All this is consistent with my own general claims, that I have been trying to formulate in different ways, about science fiction. In the first place, though SF is not scientifically accurate (its extrapolations involve inventions that will never be experimentally verified, hence that will never come true), it nonetheless performs legitimate acts of metaphysical (or, let’s here say ontological) speculation.
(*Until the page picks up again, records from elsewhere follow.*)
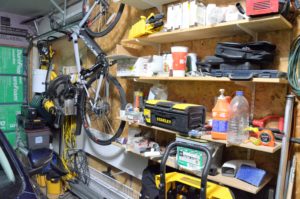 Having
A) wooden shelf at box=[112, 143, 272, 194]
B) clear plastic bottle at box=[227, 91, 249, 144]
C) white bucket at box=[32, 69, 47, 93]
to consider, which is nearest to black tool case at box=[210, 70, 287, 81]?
clear plastic bottle at box=[227, 91, 249, 144]

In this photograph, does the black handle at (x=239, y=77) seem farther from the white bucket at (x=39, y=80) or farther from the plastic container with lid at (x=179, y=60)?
the white bucket at (x=39, y=80)

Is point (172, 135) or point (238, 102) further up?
point (238, 102)

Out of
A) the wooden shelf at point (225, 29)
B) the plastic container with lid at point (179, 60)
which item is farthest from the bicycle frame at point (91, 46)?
the plastic container with lid at point (179, 60)

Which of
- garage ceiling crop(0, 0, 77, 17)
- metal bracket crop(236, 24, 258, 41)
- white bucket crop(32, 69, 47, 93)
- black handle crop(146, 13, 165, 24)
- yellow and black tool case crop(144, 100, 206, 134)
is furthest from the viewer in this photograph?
white bucket crop(32, 69, 47, 93)

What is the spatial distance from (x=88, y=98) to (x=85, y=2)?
1220 millimetres

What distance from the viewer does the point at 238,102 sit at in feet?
5.28

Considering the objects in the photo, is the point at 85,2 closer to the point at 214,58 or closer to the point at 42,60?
the point at 42,60

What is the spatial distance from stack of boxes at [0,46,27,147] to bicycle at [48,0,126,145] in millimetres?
2131

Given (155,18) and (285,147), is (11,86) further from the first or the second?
(285,147)

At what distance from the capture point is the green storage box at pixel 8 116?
453 cm

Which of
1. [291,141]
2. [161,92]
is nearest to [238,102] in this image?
[291,141]

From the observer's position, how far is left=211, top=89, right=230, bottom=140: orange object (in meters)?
1.54

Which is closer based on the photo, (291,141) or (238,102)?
(291,141)

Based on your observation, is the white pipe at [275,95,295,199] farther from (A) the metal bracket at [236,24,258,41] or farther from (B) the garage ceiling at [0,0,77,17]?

In the second place, SF is precisely a “realism”, not of present social and ecological conditions per se, but of the future potentiality that insists or resonates within this present (of course, this does not mean that SF claims to predict the actual future). If Pearl, the first-person narrator, is the most important of the three persons (in both a grammatical and characterological sense) populating the novel, this is because she increasingly discovers, thoughout the course of the novel, how her subjectivity (and her substantial physical power) is a matter (or a function) of waveform data that are virtual rather than actual, or that extend beyond the simple present to more complex and convoluted temporalities. In this way, the novel’s account of cosmology is also its account of consciousness: a double ontology which is not inconsistent with the double plots of some of Sullivan’s earlier novels.
There is a lot more to say than this rough outline; but that will probably have to wait for a rereading of OCCUPY ME. For now, I can just say that the novel both confirms my overall sense of what science fiction can do, and extends this in directions that I haven’t quite been able to work out yet.